This Lord Worplesdon was Florence’s father. He was the old buster who, a few years later, came down to breakfast one morning, lifted the first cover he saw, said ‘Eggs! Eggs! Damn all eggs!’ in an overwrought sort of voice, and instantly legged it for France, never to return to the bosom of the family. This, mind you, being a bit of luck for the bosom of the family, for old Worplesdon had the worst temper in the county.From ‘Jeeves Takes Charge’ (Carry On, Jeeves)

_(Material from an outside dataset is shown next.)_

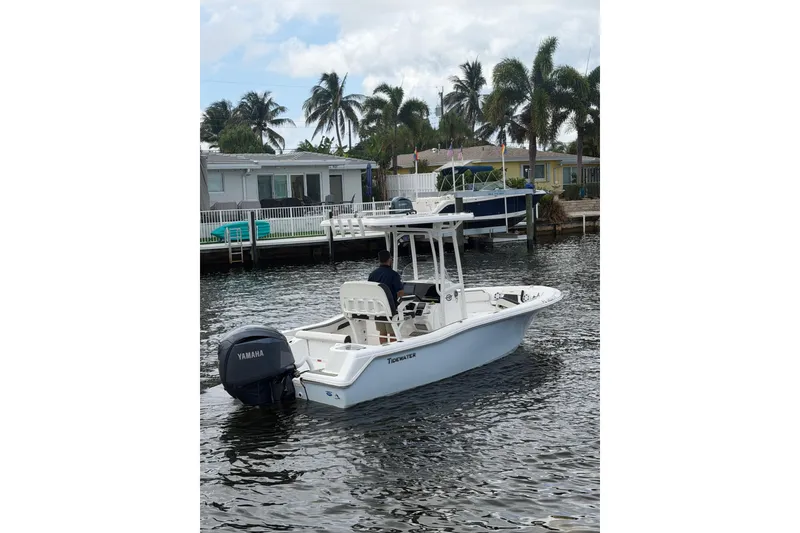 The Image of 2025 Tidewater 210 CC Adventure boat on water, with Yamaha engine, near waterfront homes and palm trees. - 0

Once again, Wodehouse gets to the nub of human nature. Many is the time that I have felt precisely as old Worplesdon did on this occasion, and I were as oofy a specimen as he, I’d have legged it to France myself long before now. Generally I have to be content with taking my passport with me on the bus-ride to work.
But shortly, I shall be emulating Worplesdon as I have a ticket to France. I speak little French, so I expect to experience the same ‘furtive shame’ and ‘shifty, hangdog look’ as Monty Bodkin, practising his French at the Hotel Magnifique at Cannes in The Luck of the Bodkins. With Monty’s assistance, I feel I have mastered Garçon‘ and l’addition, and I shall do my best with:
”Er, garçon, esker-vous avez un spot de l’encre et une piece de papier – note-papier, vouz savez – et une enveloppe et une plume?’
And if, like Monty, I meet a Frenchman wanting to practice his English, who replies with a ‘‘Right ho, m’sieur’ (or, unless I’ve omitted to wax my moustache, ‘madam‘) , I shall hug him like a brother. But after I have acclimatised and relaxed into the French way of life, I shall be speaking French like a pro, and will be muttering ‘Oeufs! Oeufs! Merde tous les oeufs!’ with the best of them
But I can’t sit here chatting to you all day. I have essential pre holiday research to do.